*** Opening of Available data ***

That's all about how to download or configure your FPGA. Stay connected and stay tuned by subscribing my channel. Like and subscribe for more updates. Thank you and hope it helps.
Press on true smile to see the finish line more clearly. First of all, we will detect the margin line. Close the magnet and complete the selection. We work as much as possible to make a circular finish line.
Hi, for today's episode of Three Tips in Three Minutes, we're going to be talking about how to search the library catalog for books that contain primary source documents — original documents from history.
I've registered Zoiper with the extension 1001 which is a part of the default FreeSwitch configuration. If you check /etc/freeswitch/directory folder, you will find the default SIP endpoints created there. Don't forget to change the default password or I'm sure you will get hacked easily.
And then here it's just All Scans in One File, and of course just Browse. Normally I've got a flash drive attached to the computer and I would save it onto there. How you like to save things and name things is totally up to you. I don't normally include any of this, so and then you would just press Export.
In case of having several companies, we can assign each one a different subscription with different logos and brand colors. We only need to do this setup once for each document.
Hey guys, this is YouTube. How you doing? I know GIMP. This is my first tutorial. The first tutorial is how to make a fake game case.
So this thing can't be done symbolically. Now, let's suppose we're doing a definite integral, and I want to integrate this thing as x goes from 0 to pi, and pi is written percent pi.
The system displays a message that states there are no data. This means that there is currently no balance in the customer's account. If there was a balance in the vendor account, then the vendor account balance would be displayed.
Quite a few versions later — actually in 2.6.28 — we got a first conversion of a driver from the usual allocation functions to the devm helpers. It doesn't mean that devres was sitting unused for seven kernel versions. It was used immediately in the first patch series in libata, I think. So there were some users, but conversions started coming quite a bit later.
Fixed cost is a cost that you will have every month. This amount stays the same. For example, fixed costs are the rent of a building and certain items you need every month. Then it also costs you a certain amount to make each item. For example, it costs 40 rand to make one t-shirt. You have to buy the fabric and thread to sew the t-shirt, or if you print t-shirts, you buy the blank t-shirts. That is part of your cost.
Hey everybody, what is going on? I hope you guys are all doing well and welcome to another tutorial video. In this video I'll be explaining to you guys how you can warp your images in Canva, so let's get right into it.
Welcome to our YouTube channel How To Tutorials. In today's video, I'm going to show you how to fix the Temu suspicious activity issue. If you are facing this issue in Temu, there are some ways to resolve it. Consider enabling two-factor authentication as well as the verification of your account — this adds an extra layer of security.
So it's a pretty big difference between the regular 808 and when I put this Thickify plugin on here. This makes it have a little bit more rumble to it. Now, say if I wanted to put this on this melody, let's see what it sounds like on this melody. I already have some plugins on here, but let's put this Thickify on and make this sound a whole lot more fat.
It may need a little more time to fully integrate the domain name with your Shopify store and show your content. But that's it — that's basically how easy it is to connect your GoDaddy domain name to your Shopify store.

*** Close of Available data ***

**Work request**
When you reach the line that contains "Hi, for today's", stop; output it and every line before it from the start of the data, exactly as written.

**Task solution**
That's all about how to download or configure your FPGA. Stay connected and stay tuned by subscribing my channel. Like and subscribe for more updates. Thank you and hope it helps.
Press on true smile to see the finish line more clearly. First of all, we will detect the margin line. Close the magnet and complete the selection. We work as much as possible to make a circular finish line.
Hi, for today's episode of Three Tips in Three Minutes, we're going to be talking about how to search the library catalog for books that contain primary source documents — original documents from history.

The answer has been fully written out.